Deploying a Collector
To set up a collector, you will need a JupiterOne account with the Collector features enabled.
- Navigate to Integrations > Collectors, choose New collector. Provide a name for the new collector and select Create:
- Take the terminal command and run it in your new collector instance.
You may need to prefix the command with sudo
depending on how your permissions are configured and your current user.
This will kick off the process to setup the collector:
- You can confirm that the collector is running using
docker ps
command, you should see two containers running (daemon and runner):
- Finally, examine the logs of the runner to ensure it's successfully connecting to the JupiterOne Collector service. The ID of the container can be read from the ps command above:
This shows the runner polling for new integration jobs to run.
At this point the collector is set up and running. You will see the collector as "Active" in the collector overview after a few minutes:
The collector containers are running with a restart policy of "unless-stopped", so they will restart automatically on failure, and will start automatically when the container runtime (re)starts, i.e. at system reboot time.
Assigning an Integration
Assigning an integration job to a collector first requires that there are collectors registered and available. Once collectors are available, the process for defining an integration job and assigning it to a collector is straightforward.

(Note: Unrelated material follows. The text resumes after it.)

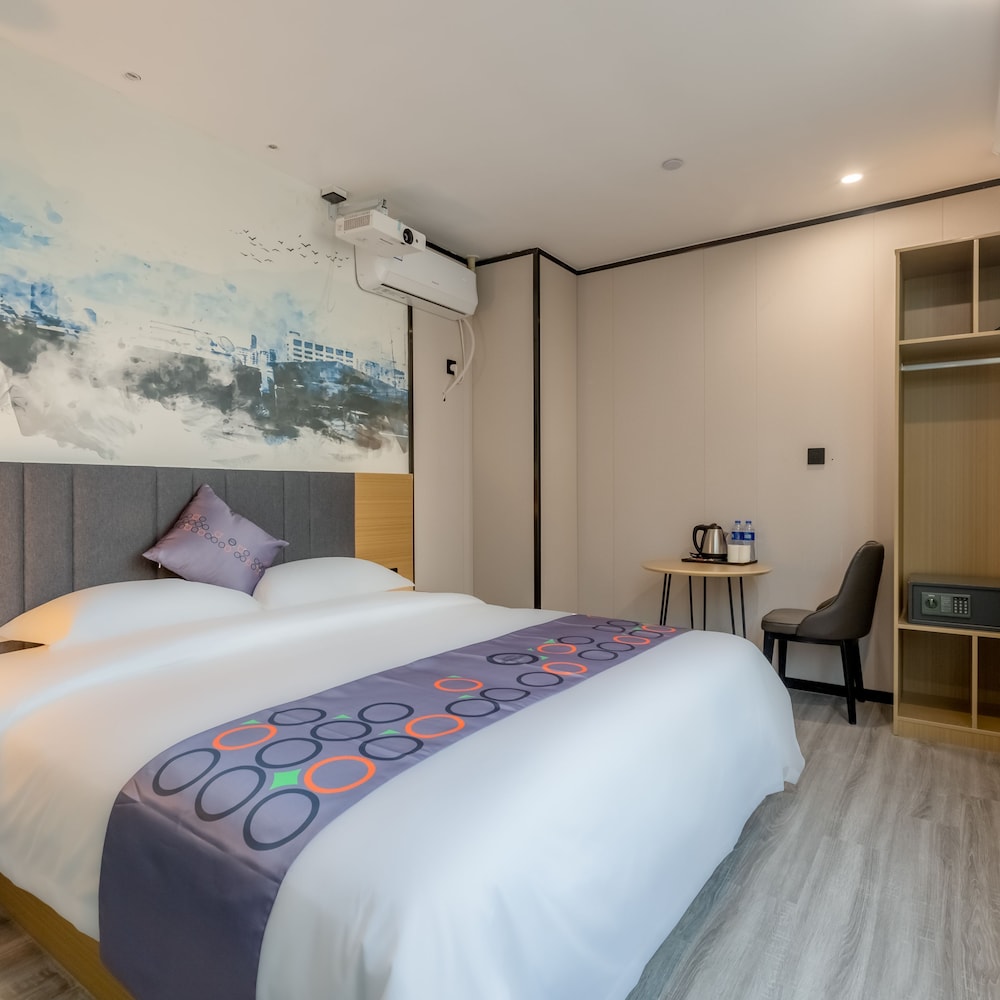 Signature Room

For integrations that are collector compatible, complete the integration configuration as normal. During configuration, you'll notice there's an additional option to choose where the integration should run.

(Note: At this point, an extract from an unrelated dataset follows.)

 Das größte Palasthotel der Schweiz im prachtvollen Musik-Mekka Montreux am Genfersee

Select Collector on the integration instance, and choose the corresponding collector for which you'd like the integration to run.
Removing a Collector
A collector can be removed by completing all the following steps:
- Remove the collector from the JupiterOne console using the "Delete Collector" option.
NOTE: a collector cannot be removed if it has configured integrations, please reassign where to run the integration first.

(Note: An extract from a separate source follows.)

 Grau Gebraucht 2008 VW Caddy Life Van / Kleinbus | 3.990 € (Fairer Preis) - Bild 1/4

- On the collector host machine stop and removed (or force remove) the collector daemon and runner containers.
If you try deleting a collector that has integrations configured you will see a message like the following:
Known Limitations (Beta)
There are some known limitations in the initial version of the JupiterOne Collectors. These are going to be addressed in future versions.
Unable to Migrate Integrations
It is not currently possible to migrate an existing integration job from the JupiterOne servers to a collector, or between collectors.
The most notable impact of this is that, should a collector be removed or become unavailable, the integration jobs will need to be reconfigured on a new collector.
Integration Jobs are run in Parallel
If a collector is configured to run multiple integration jobs at the same time, these will be run in parallel. The collector pulls its tasks from a job queue, and integration jobs can be placed on the queue simultaneously. When this happens the runner will read and start the jobs as soon as it sees them, irrespective of any jobs already running or the capacity available on the collector.
It should be noted that multiple identical jobs will not queue up, nor will identical jobs run in parallel.
In a future version of the collectors we hope to use historical performance metrics (i.e., CPU and RAM usage) to run simultaneous integration tasks only where the collector capacity permits this.
Limited Options for High Availability (HA)
The JupiterOne collectors are single nodes at this time. This means it's not currently possible to have multiple instances of a collector processing a single integration queue. If the collector becomes unavailable, all integrations assigned to that collector will be held in the queue, although no new duplicate integration tasks will be added to the queue.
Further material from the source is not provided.